Ah, my dears, if you only knew how nice Vienna is! It can’t be compared with any of the towns I have seen in my life. The streets are broad and elegantly paved, there are numbers of boulevards and squares, the houses have always six or seven storeys, and shops — they are not shops, but a perfect delirium, a dream! There are myriads of neckties alone in the windows! Such amazing things made of bronze, china, and leather! The churches are huge, but they do not oppress one by their hugeness; they caress the eye, for it seems as though they are woven of lace. St. Stephen and the Votiv-Kirche are particularly fine. They are not like buildings, but like cakes for tea. The parliament, the town hall, and the university are magnificent. It is all magnificent, and I have for the first time realized, yesterday and to-day, that architecture is really an art. And here the art is not seen in little bits, as with us, but stretches over several versts. There are numbers of monuments. In every side street there is sure to be a bookshop. In the windows of the bookshops there are Russian books to be seen — not, alas, the works of Albov, of Barantsevitch, and of Chekhov, but of all sorts of anonymous authors who write and publish abroad. I saw “Renan,” “The Mysteries of the Winter Palace,” and so on. It is strange that here one is free to read anything and to say what one likes. Understand, O ye peoples, what the cabs are like here! The devil take them! There are no droshkys, but they are all new, pretty carriages with one and often two horses. The horses are splendid. On the box sit dandies in top-hats and reefer jackets, reading the newspaper, all politeness and readiness to oblige.

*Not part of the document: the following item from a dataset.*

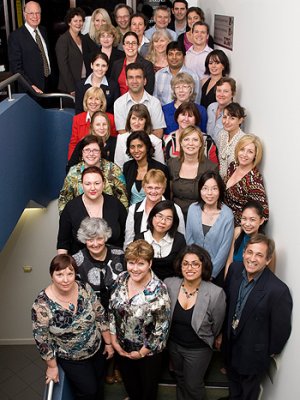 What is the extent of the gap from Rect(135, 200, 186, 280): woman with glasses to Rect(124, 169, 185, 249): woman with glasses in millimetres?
153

The dinners are good. There is no vodka; they drink beer and fairly good wine. There is one thing that is nasty: they make you pay for bread. When they bring the bill they ask, Wie viel brodchen? — that is, how many rolls have you devoured? And you have to pay for every little roll.

The women are beautiful and elegant. Indeed, everything is diabolically elegant.

I have not quite forgotten German. I understand, and am understood.

When we crossed the frontier it was snowing. In Vienna there is no snow, but it is cold all the same.

I am homesick and miss you all, and indeed I am conscience-stricken, too, at deserting you all again. But there, never mind! I shall come back and stay at home for a whole year. I send my greetings to everyone, everyone.

I wish you all things good; don’t forget me with my many transgressions. I embrace you, I bless you, send my greetings and remain,

 
Your loving

 
A. CHEKHOV.

Everyone who meets us recognises that we are Russians, and stares not at my face, but at my grizzled cap. Looking at my cap they probably think I am a very rich Russian Count.